### Problem:
Exactly as they appear, please output the lines from the one with "Bohinjska klasika by Boštjan Peterka" through the end of the material, without pictures.

### Collected data:
################
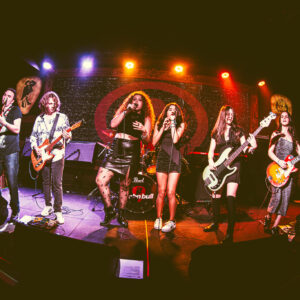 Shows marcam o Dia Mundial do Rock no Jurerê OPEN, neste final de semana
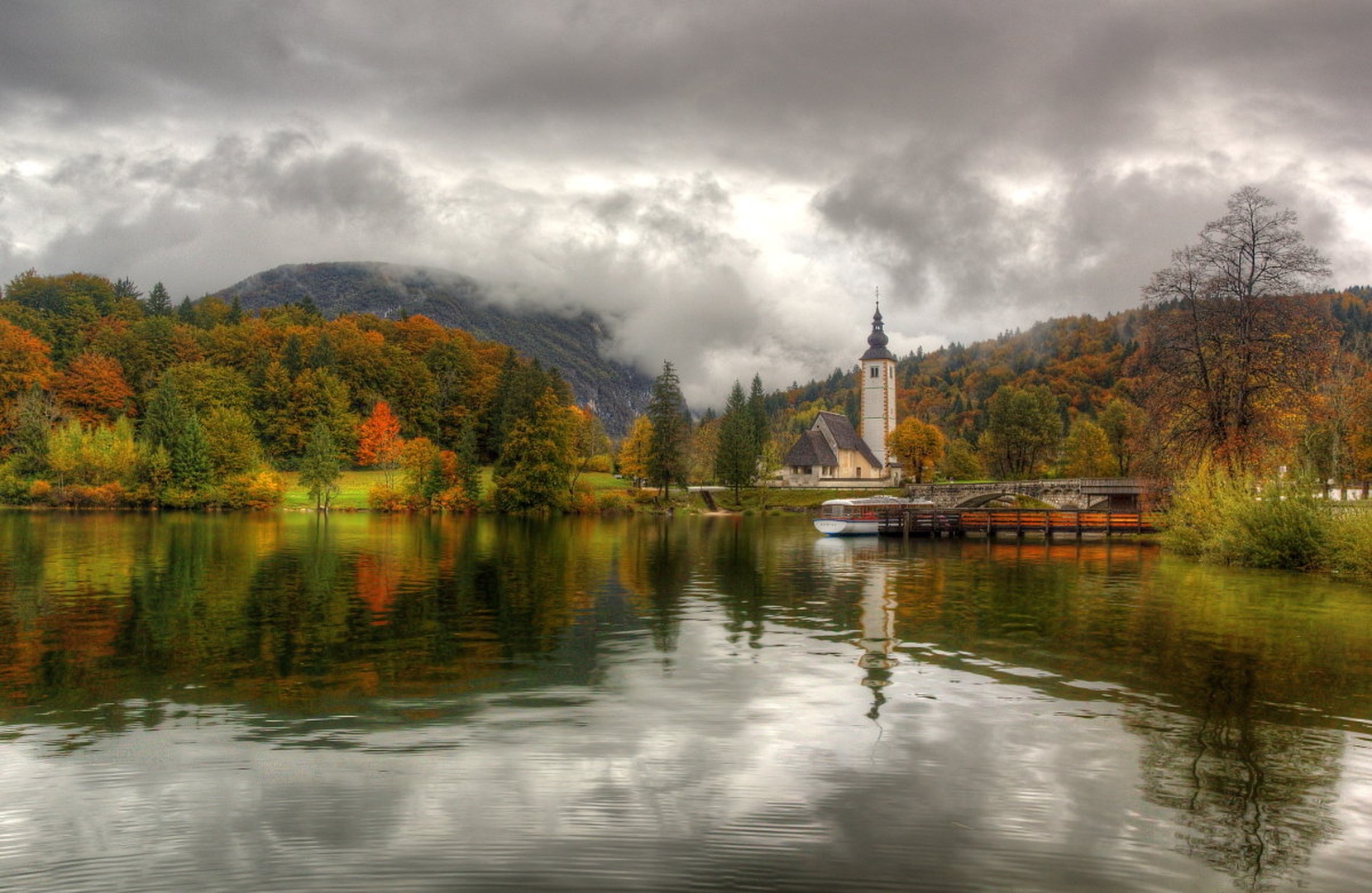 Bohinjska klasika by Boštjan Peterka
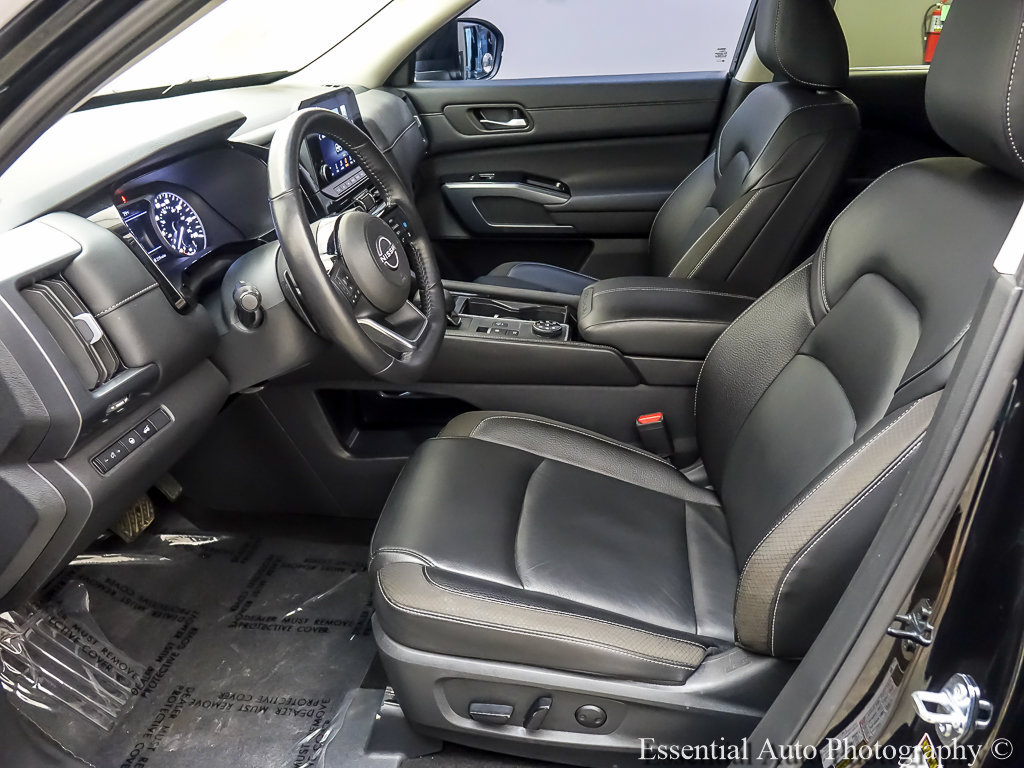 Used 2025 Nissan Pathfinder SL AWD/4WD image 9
################
### Solved problem:
 Bohinjska klasika by Boštjan Peterka
 Used 2025 Nissan Pathfinder SL AWD/4WD image 9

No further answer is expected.